LWA Pulsar Data Reduction Tutorial

Accompanying lecture: LWA Pulsar Data Reduction

Intro

LWA Pulsar data is reduced to a large number of data products with the intent to allow for us to do whatever reduction we wish to do and also to allow any future pulsar astronomers who grab the data from the LWA Pulsar Data Archive to do whatever it is they want to do. We reduce the data in such a way that there are files that support the following pulsar science:

  • Pulsar Timing
  • Polarization studies
  • Analysis of individual pulses
  • Pulse Profile vs frequency/time/whatever
  • Flux density measurements
  • Study of low frequency radio frequency interference

A typical LWA pulsar observation results in about 130 files that are useful for some sort of pulsar study. Of course, this is a fairly complicated process, but luckily the hard work has already been done to develop the various tools needed.

Checking a file for “timetag errors”

A station of the LWA consists of ~256 dipole antennas each with two polarizations for a total of 512 signals. These signals go into an analog receiver (ARX or ASP) and then into a digital processor (DP) which then sends the data into “Data Recorders” where the signal is written to a set of disks. If there is a slow down in DP or when writing the disks, there can be a break in the data. In order to know whether or not such a break has occurred, the data are recorded in pieces that we call “frames”. Each frame has a time tag recorded with it to let us know what time the data corresponds to. If there is a break in the data, we can tell from these time tags and we call these “timetag errors”. So, before getting into the rest of the data analysis, it is generally a good idea to check for these timetag errors at the beginning. This can be done using the command:

$ /usr/local/extensions/Commissioning//DRX/fastDRXCheck.py FILENAME

It would be useful to look at a case for a good file and for a bad one so that you know what you are looking for. Okay, so first a good file:

$ /home/jdowell/fastDRXCheck.py /data/network/recent_data/uvastudent/J1929+00/058043_000733414
Valid Byte Ranges:
             0, 569678328288 -> 530.554 GB or 138.003 Mframes
-> 100.0% contiguous in 4096 frame blocks

This says that the file goes from byte 0 to byte 569678328288 without any errors, so the file seems to not have any timetag issues. Now lets take a look at a file with one timetag error:

$ /home/jdowell/fastDRXCheck.py /data/network/recent_data/uvastudent/J1929+00/058043_000733413
Valid Byte Ranges:
             0,  90751227552 ->  84.519 GB or  21.984 Mframes
   90785997696, 569681316960 -> 446.006 GB or 116.011 Mframes
-> 100.0% contiguous in 4096 frame blocks

You can see that the output now has two lines and that there seems to be an error about 84.5 GB into the file. If you get a timetag error, typically the easiest thing to do is just split the file and process the pieces independently. You will have to let me know that you have timetag errors and I will split the file for you, because your account does not have write access to the directory in which the raw data is kept.
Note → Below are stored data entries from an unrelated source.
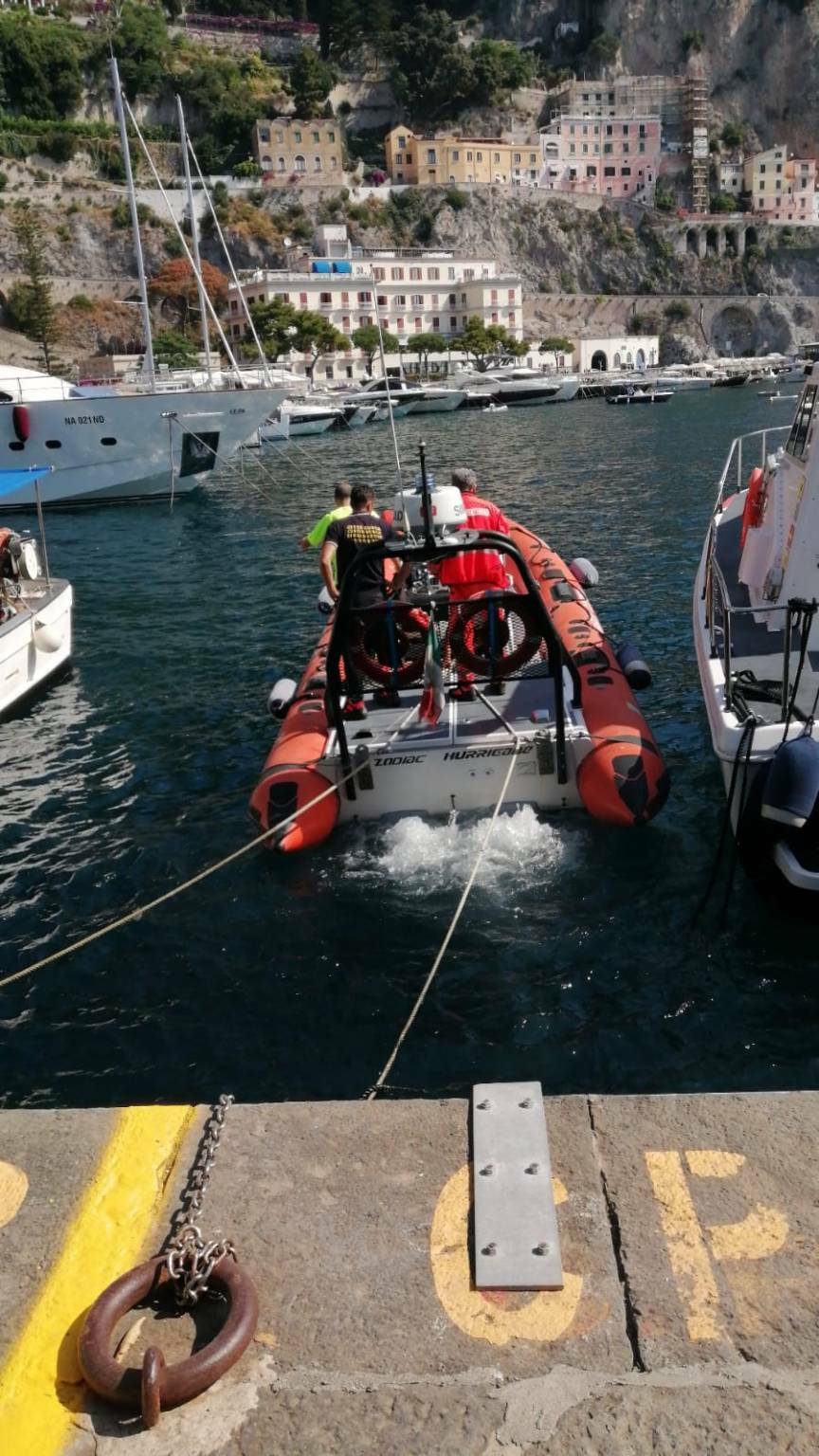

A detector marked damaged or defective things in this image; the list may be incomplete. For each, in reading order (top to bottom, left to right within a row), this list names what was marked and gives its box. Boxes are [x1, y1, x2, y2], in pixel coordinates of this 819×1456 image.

rusty mooring ring [77, 1251, 255, 1421]
crack in concrete [586, 1095, 644, 1368]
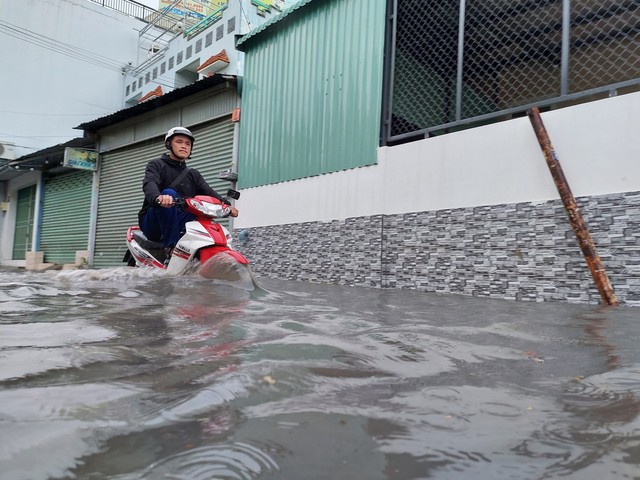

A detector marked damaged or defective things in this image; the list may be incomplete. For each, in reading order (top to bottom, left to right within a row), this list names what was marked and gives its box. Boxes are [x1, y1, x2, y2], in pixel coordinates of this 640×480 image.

rusty metal pole [524, 107, 620, 306]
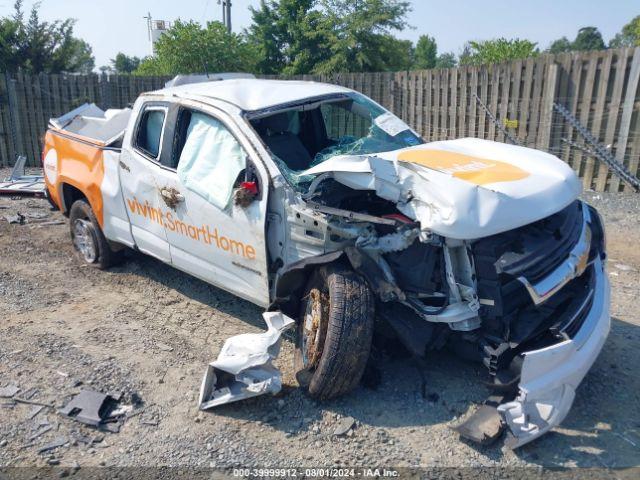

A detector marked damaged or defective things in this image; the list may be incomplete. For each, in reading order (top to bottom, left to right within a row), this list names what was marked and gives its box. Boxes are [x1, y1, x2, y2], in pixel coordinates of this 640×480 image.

“Simple” LWA data reduction

As I mentioned earlier, the full processing of LWA pulsar data can be complicated, but fortunately the hard work has been done previosly and if everything goes right, there are just two simple commands that are necessary.
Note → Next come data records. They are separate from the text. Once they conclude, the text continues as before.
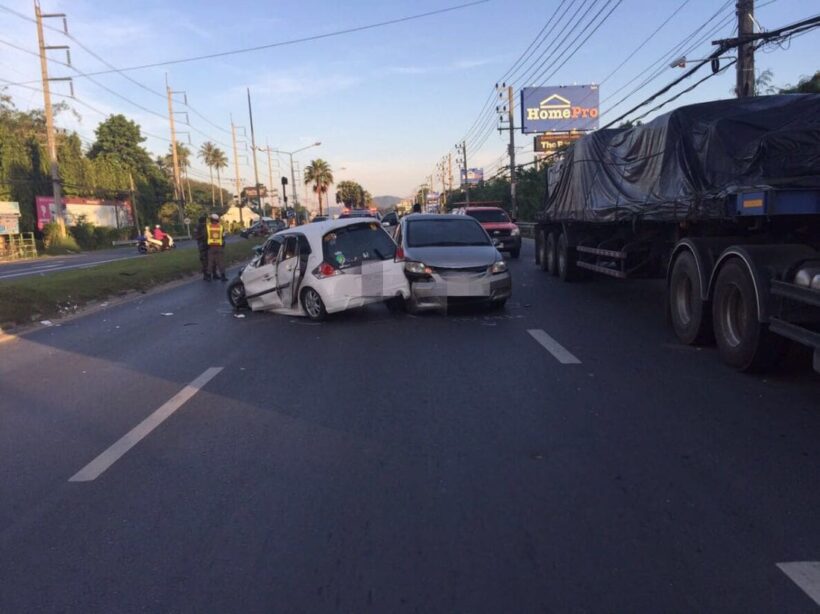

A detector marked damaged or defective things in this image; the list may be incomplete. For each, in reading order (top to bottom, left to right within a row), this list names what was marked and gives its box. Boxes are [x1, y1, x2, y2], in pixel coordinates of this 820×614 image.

damaged white hatchback car [226, 219, 408, 322]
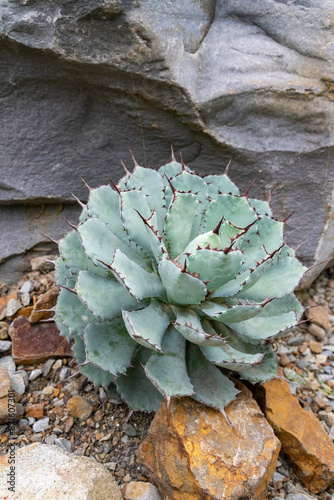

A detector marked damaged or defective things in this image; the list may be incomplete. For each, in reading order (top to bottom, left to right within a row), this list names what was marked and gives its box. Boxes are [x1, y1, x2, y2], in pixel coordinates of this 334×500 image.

rusty orange stone [28, 286, 58, 324]
rusty orange stone [11, 316, 72, 364]
rusty orange stone [26, 402, 44, 418]
rusty orange stone [138, 380, 280, 498]
rusty orange stone [260, 378, 334, 492]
$ /home/kstovall/bin/makereducepulsar.py PSRNAME 0/1 FILENAMES > Make.psr
$ make -j6 -l10 -f Make.psr > reducepulsar.out &

So, what do these commands do? First, let’s take a look at:

$ /home/kstovall/bin/makereducepulsar.py PSRNAME 0/1 FILENAMES > Make.psr

This is “simply” a script written in Python that takes the names of the LWA raw data files that you supply (FILENAMES) and generates a GNU Makefile (which we redirected to the file named Make.psr) that can be used to generate all of the reduced data products for the specified pulsar (PSRNAME) to be put in the LWA Pulsar Archive. Some of these data products are what you will be using to “time” your pulsar. The “0” or “1” that is supplied as the second argument to the script tells it either to combine the data from the two files (“1”) or not (“0”). Typically, pulsar observations are done using 2 beams and if you have both files and they are free from timetag errors, then this should be a “1”.

Behind the scenes, there is quite a bit going on, first the script will look up information about the pulsar that you gave it, which is stored in a database. This database stores the best DM for this pulsar as well as various parameters that are optimal for the pulsar based on its spin period, DM, and how bright it is. Then it will output a “makefile”. A makefile is a set of rules (or recipes) that tells GNU “make” how to get from input files to a set of files that are required at the end. Many of the commands can depend on other commands within the makefile. With a properly made makefile, GNU make will sort out all of these dependencies and run them in the correct order. The simplest make command, which tells it to just make all of the files is:

$ make -f Make.psr

However, this would run every command one at a time. We would like to take advantage of as much of the computing resources as we can (though we don’t want to end up trying to use too much). So, we add in the -j and -l options. The -j option tells make how many “threads” to use, which is essentially how many commands to keep running at once. The -l option is used in order to try to prevent make from using too many resources. It means to only start up new commands if the “load” on the computer is below the given value. So, in the make command I gave above, it would keep 6 commands running (assuming there are commands available to run) and would only run additional commands if the load is below 10.

What files are made and what commands are being run to make them?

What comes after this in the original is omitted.